** Work to complete **
Exactly the lines from the beginning of the records to the line with "Fila para pegar", both ends included, are to be given again, and pictures are to be left out.

Records contained in a dataset
◆ ◆ ◆ ◆
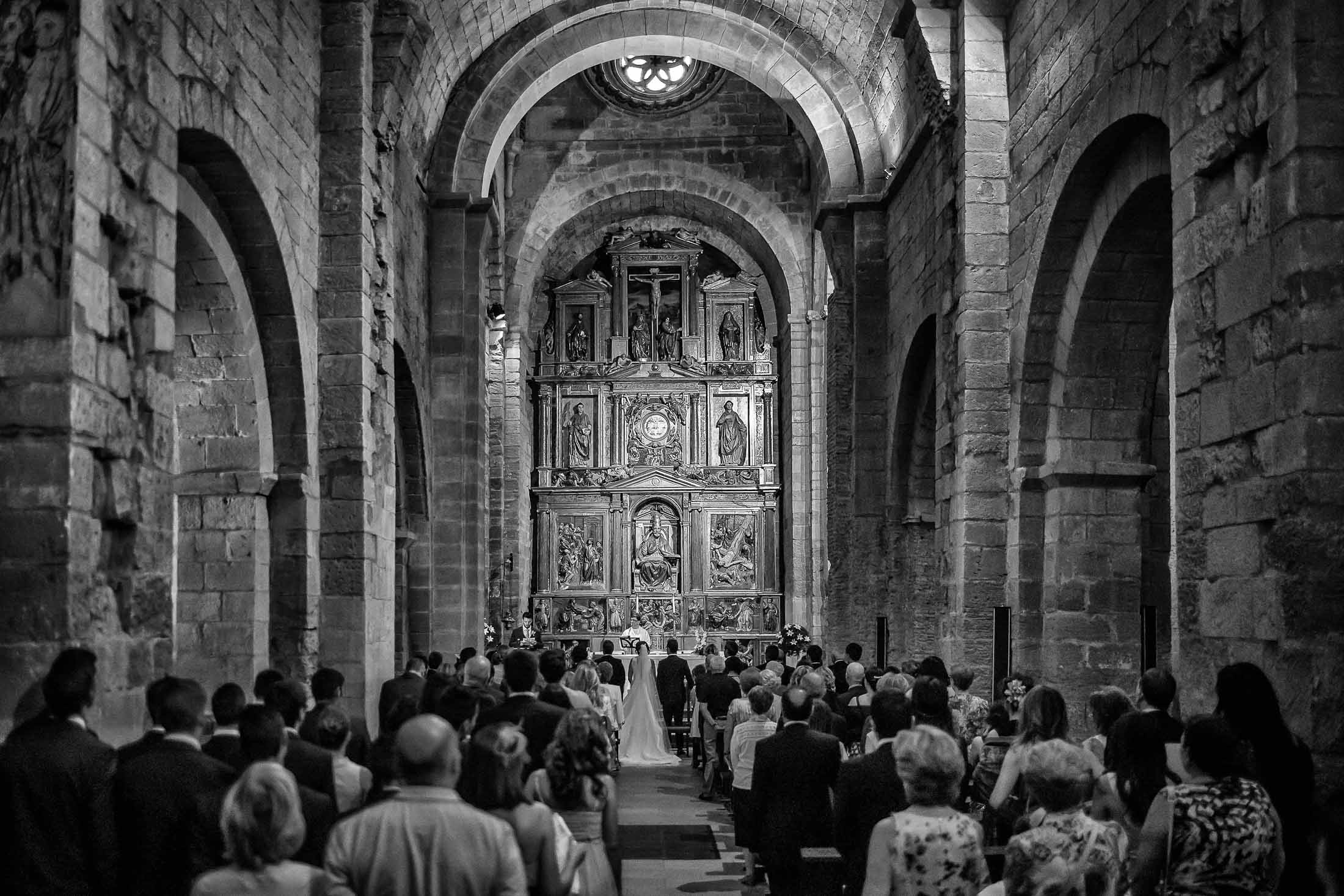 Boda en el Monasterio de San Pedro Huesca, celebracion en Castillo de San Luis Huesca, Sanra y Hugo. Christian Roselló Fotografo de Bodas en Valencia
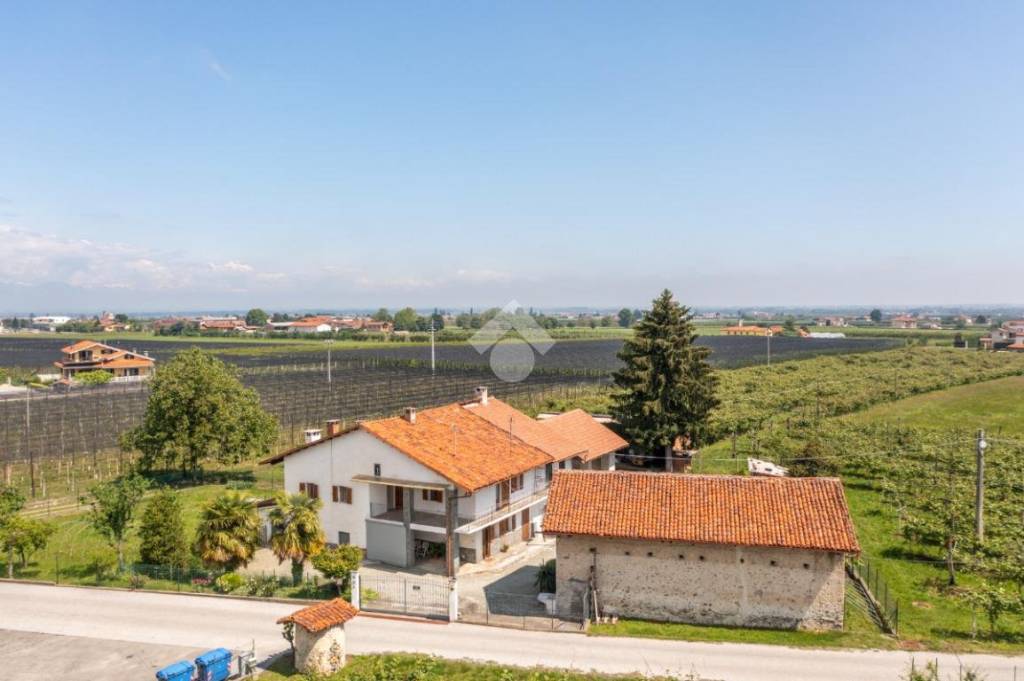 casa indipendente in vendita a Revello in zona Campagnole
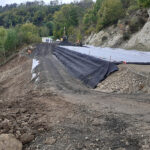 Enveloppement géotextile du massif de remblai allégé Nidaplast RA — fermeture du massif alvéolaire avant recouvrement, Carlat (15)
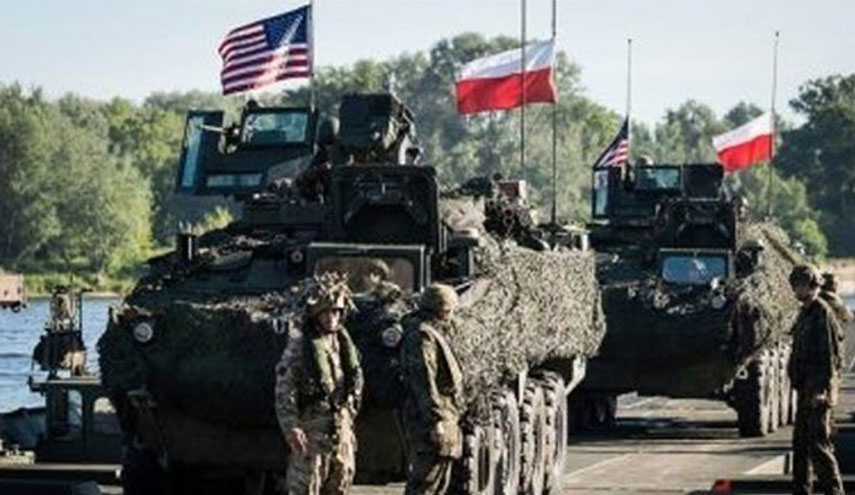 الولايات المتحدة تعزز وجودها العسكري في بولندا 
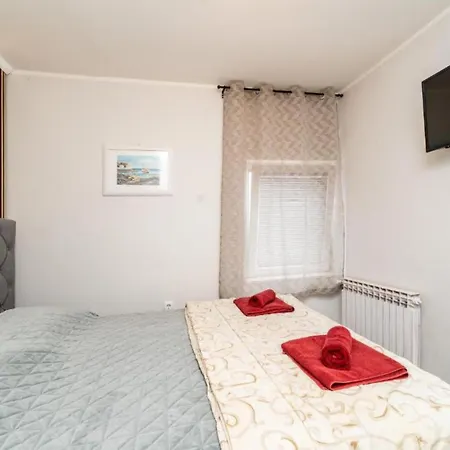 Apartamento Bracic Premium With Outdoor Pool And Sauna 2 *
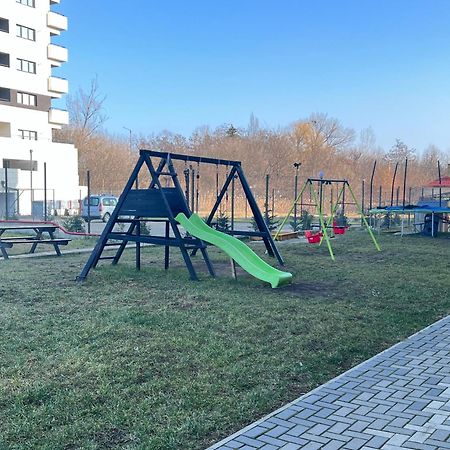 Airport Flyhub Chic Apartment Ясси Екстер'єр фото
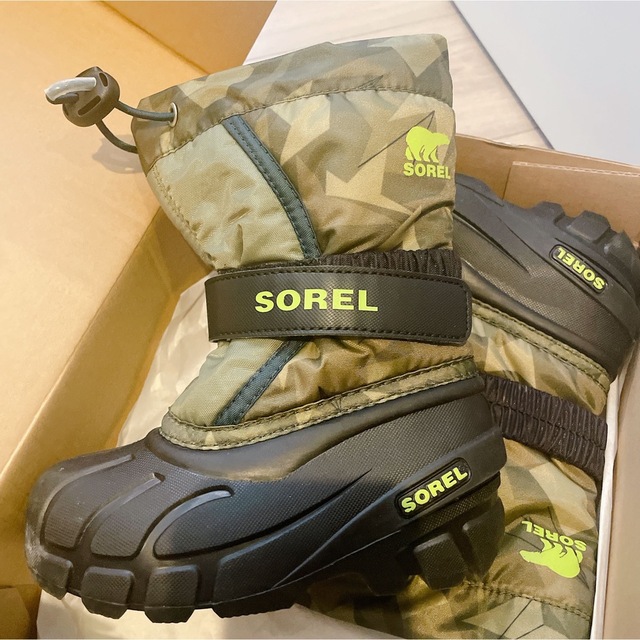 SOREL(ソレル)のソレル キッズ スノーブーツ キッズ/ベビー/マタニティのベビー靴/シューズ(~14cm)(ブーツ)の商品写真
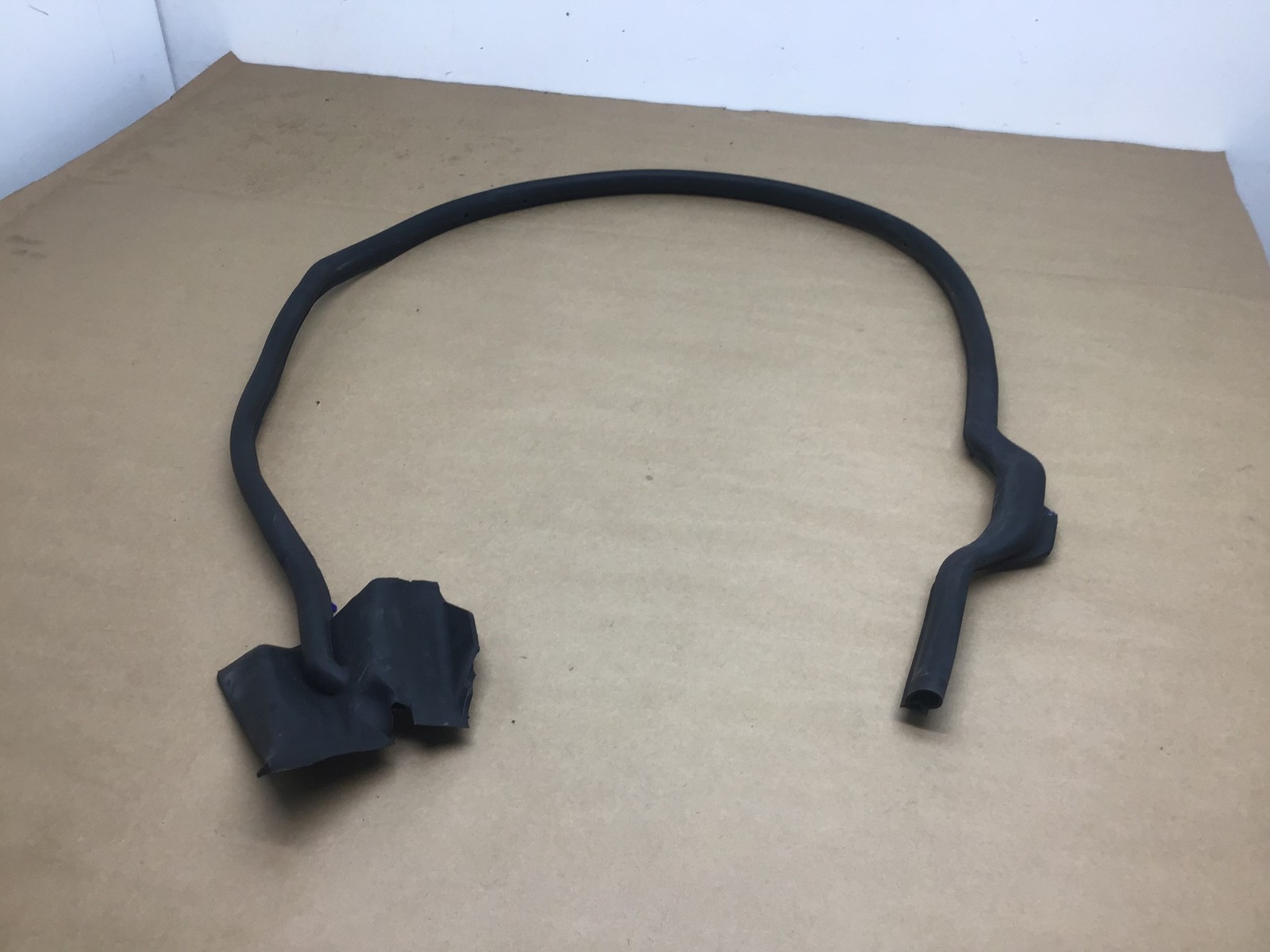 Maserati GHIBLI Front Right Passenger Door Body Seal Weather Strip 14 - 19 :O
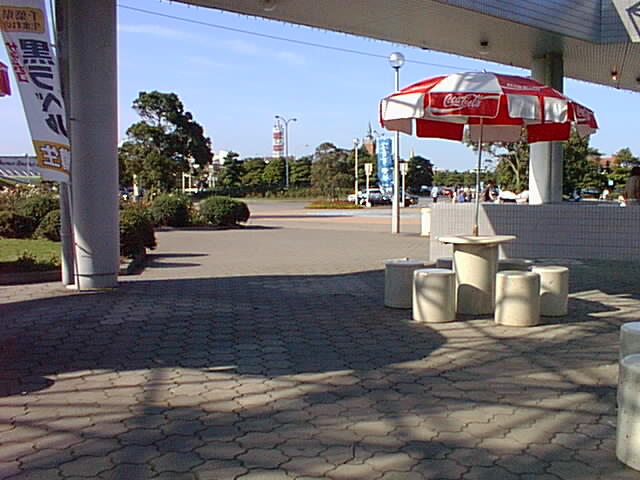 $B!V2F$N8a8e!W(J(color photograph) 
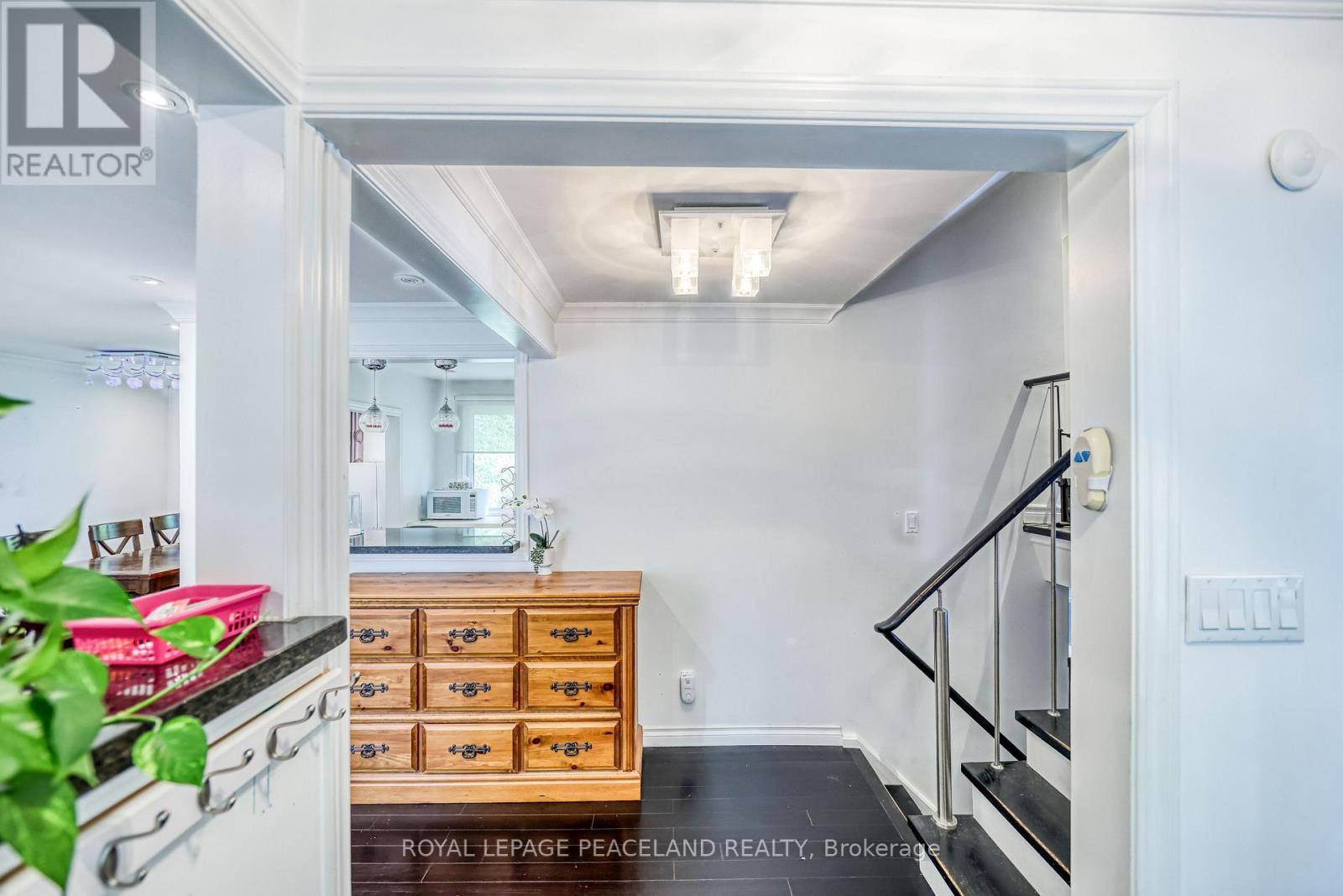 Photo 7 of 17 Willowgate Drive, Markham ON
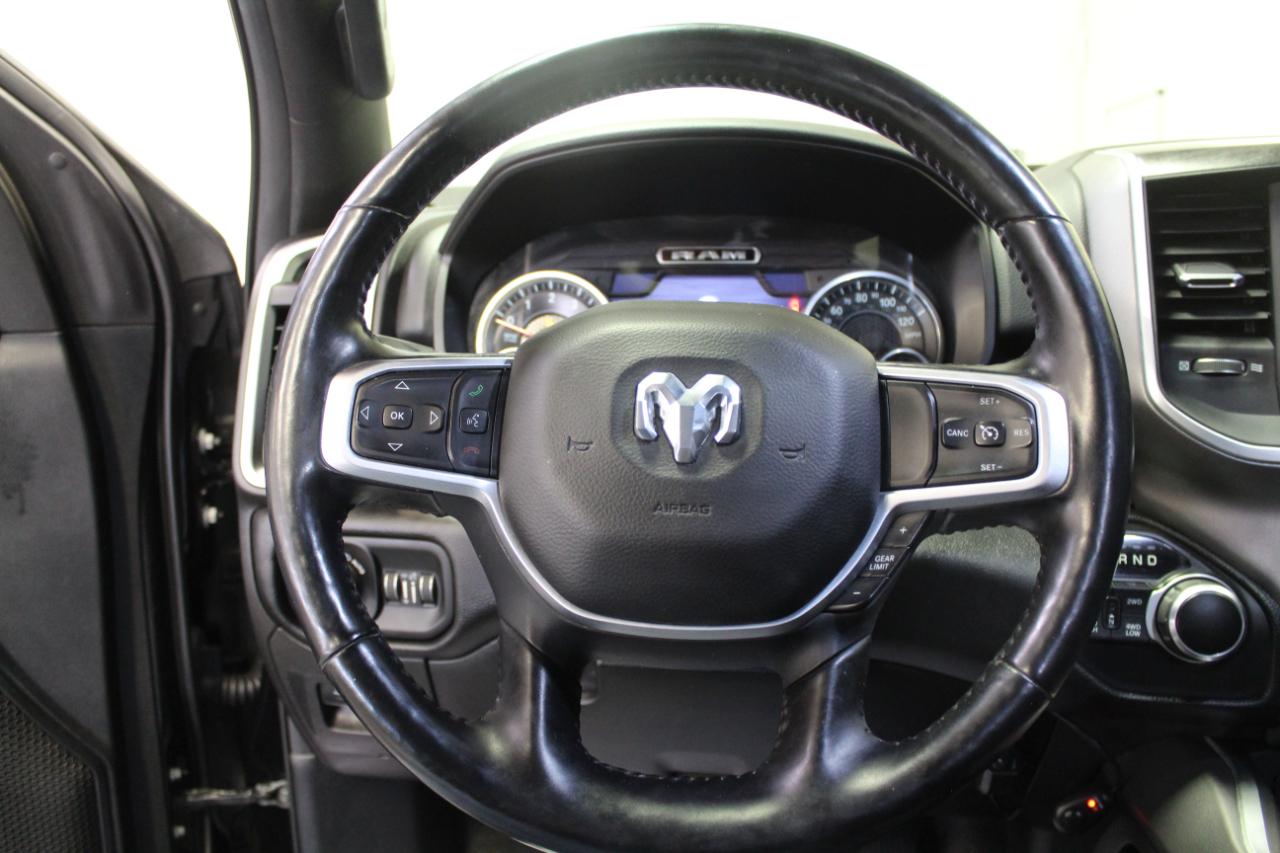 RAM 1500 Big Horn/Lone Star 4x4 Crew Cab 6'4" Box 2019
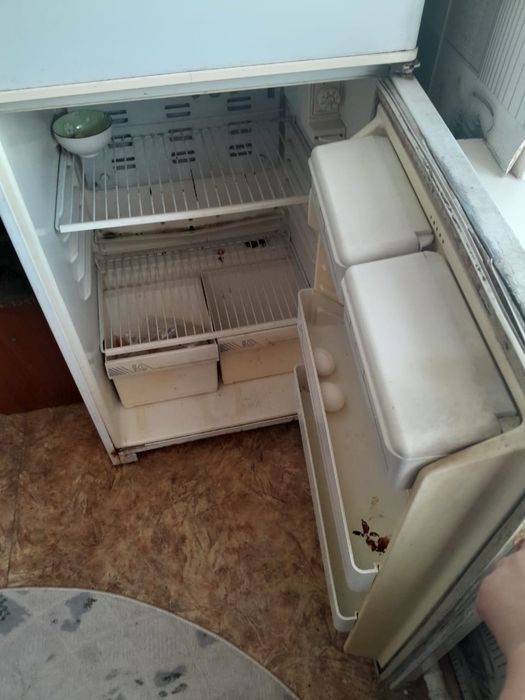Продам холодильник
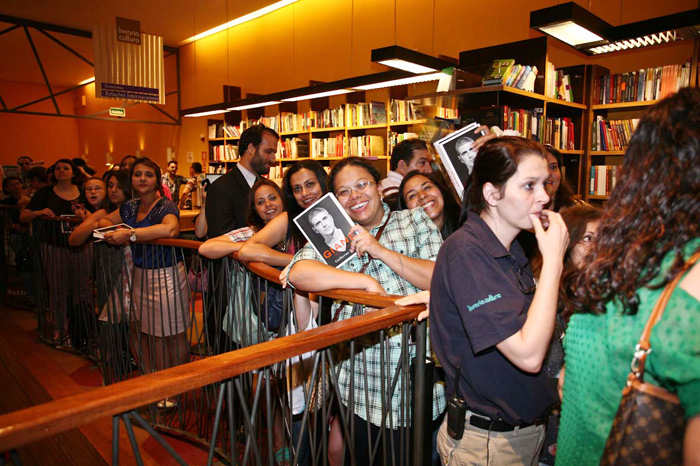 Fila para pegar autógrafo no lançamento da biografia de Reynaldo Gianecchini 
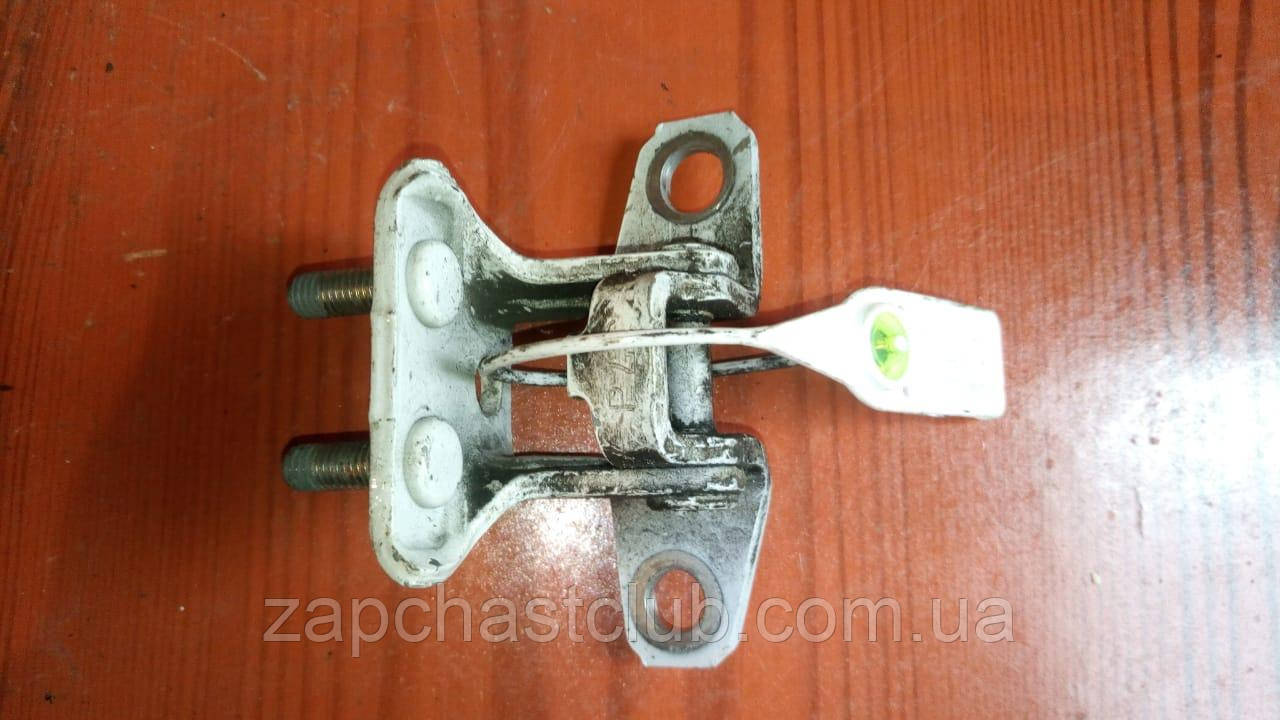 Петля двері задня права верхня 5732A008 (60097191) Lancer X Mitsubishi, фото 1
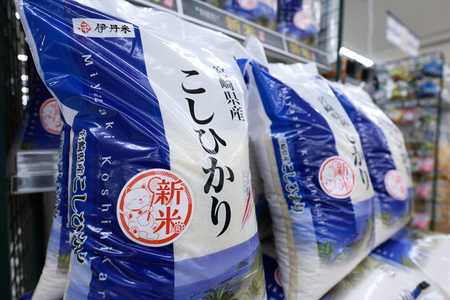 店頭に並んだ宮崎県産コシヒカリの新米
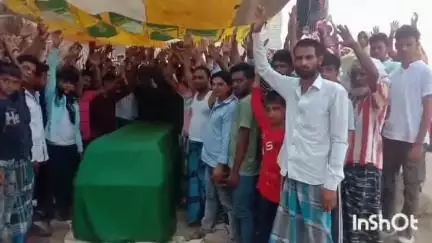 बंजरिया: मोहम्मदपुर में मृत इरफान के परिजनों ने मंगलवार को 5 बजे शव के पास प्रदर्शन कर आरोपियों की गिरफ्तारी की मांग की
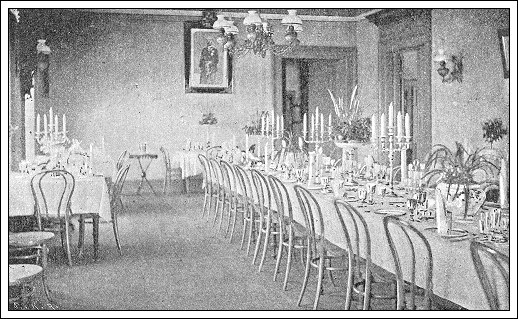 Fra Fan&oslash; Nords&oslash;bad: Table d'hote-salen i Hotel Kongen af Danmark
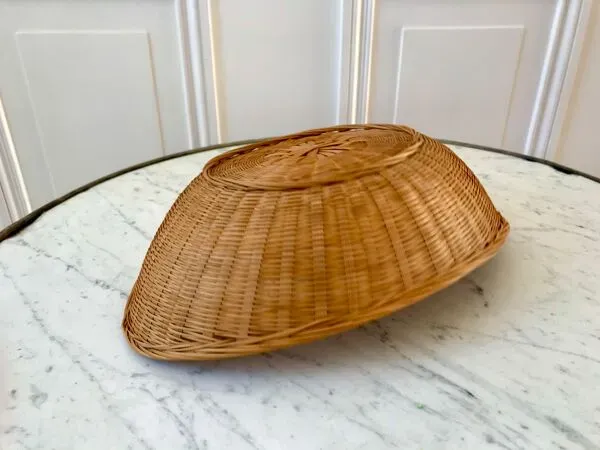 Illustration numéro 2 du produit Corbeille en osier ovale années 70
◆ ◆ ◆ ◆
** Result of the task **
 Boda en el Monasterio de San Pedro Huesca, celebracion en Castillo de San Luis Huesca, Sanra y Hugo. Christian Roselló Fotografo de Bodas en Valencia
 casa indipendente in vendita a Revello in zona Campagnole
 Enveloppement géotextile du massif de remblai allégé Nidaplast RA — fermeture du massif alvéolaire avant recouvrement, Carlat (15)
 الولايات المتحدة تعزز وجودها العسكري في بولندا 
 Apartamento Bracic Premium With Outdoor Pool And Sauna 2 *
 Airport Flyhub Chic Apartment Ясси Екстер'єр фото
 SOREL(ソレル)のソレル キッズ スノーブーツ キッズ/ベビー/マタニティのベビー靴/シューズ(~14cm)(ブーツ)の商品写真
 Maserati GHIBLI Front Right Passenger Door Body Seal Weather Strip 14 - 19 :O
 $B!V2F$N8a8e!W(J(color photograph) 
 Photo 7 of 17 Willowgate Drive, Markham ON
 RAM 1500 Big Horn/Lone Star 4x4 Crew Cab 6'4" Box 2019
Продам холодильник
 Fila para pegar autógrafo no lançamento da biografia de Reynaldo Gianecchini 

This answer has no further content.